Distributed Sensing and Transmission of Sporadic Random Samples Over a Multiple-Access Channel

This work considers distributed sensing and transmission of sporadic random samples. A new lower-bound is presented on the reconstruction error of a common vector imperfectly measured by a network of sensors. The noisy correlated observations of the source vector are transmitted with finite energy to a single receiver via an additive white Gaussian noise asynchronous multiple-access channel (MAC). Transmission makes use of a perfect causal feedback link to the encoder connected to each sensor. Asymptotic upper-bounds on the distortion are provided for a retransmission protocol which is inspired by the classical scheme of Yamamoto and Itoh and extended to a more general network scenario. Additionally, we introduce lower-bounds on the reconstruction error for individual estimators of the noisy observations themselves. Both the upper and lower-bounds show that collaboration can be achieved through energy accumulation under certain circumstances.
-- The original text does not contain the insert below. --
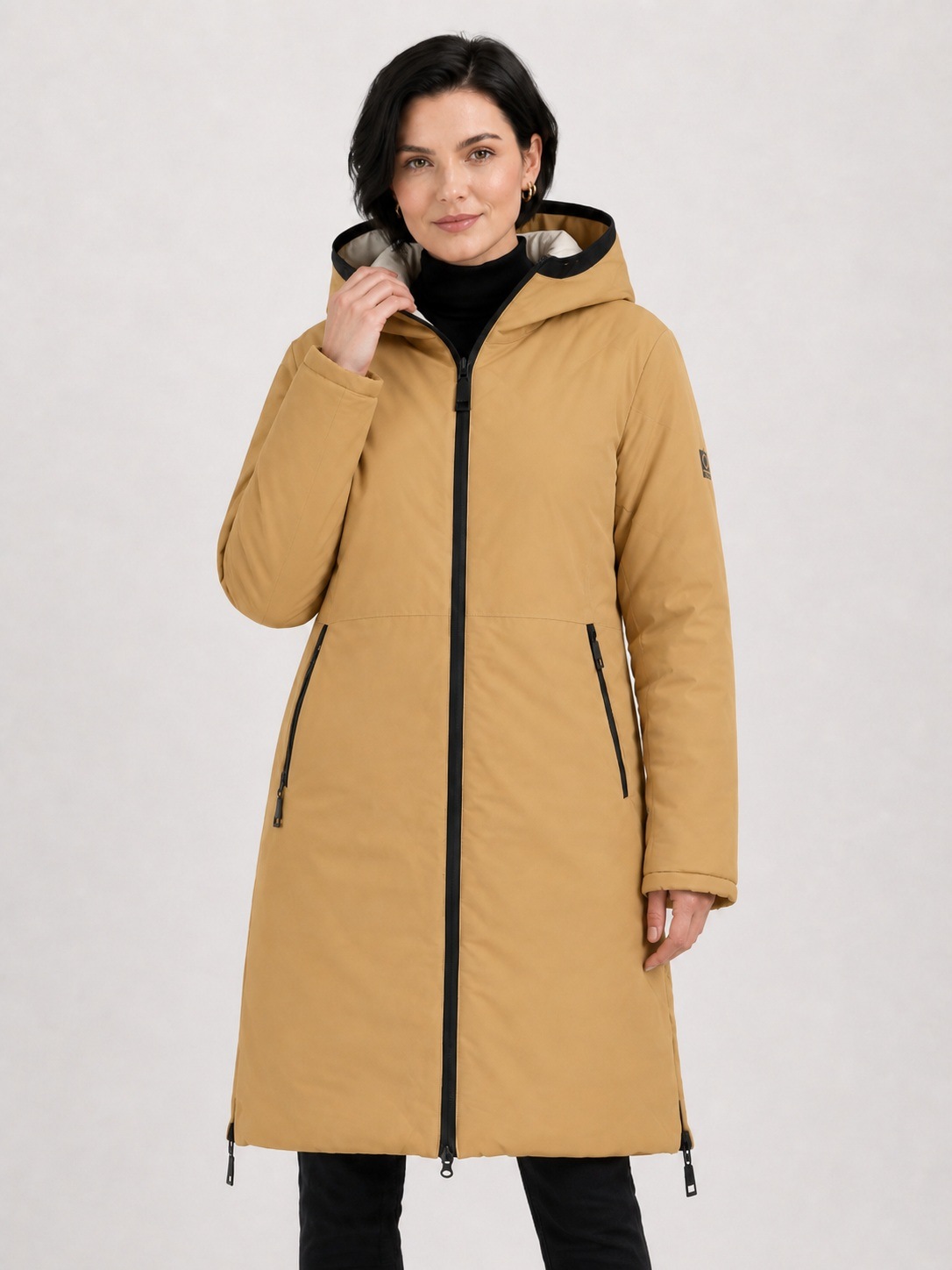Image of LPO Steppjacke "NAKITA WMN Wendemantel Steppmantel" Wendemantel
To investigate the practical performance of the proposed protocol we provide a numerical evaluation of the upper-bounds in the non-asymptotic energy regime using low-order quantization in the sensors. It is shown that an increase in the size of the network brings benefit in terms of performance, but that the gain in terms of energy efficiency diminishes quickly at finite energies due to a non-coherent combining loss.